I feel I have put forth my argument as well as possible. I wrote a very detailed list of points I wanted to bring up with specific documents referenced with dates. I did the research as well as I could, as to what evidence was actually used in my first claim as opposed to the subsequent claim granting service connection and referenced the specific documentation to support my assertions. I referenced specific actions and documents that corroborated my testimony.

 Also, while going through my records with a fine tooth comb, I discovered that indeed, a pre existing condition was never noted on my entrance exam. They tried to rebut the presumption of soundness with a letter stating I'd been treated as a teenager but that diagnosis was a completely diagnosis as anxiety and is disallowed for compensation - Adjustment disorder.

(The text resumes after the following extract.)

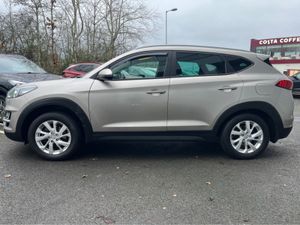 Hyundai Tucson 1.6 DIESEL EXECUTIVE - Image 4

 I emphasized and stated in detail which records such as APRs and letters of recommendation both good and bad, depending on what time frame of my service were used in deciding my current claim. I referenced the marked pattern from a stellar start to my career to ending in a ball of flames that my personnel records illustrated and how heavy a weight they were given in the subsequent decision.

Clearly, there was a significant amount of evidence in the form of service records that were used in my subsequent determination that weren't used in the 1990 claim and I hope I was able to make my argument as clear and concise as possible.

 Hoping for a good outcome. Don't we all?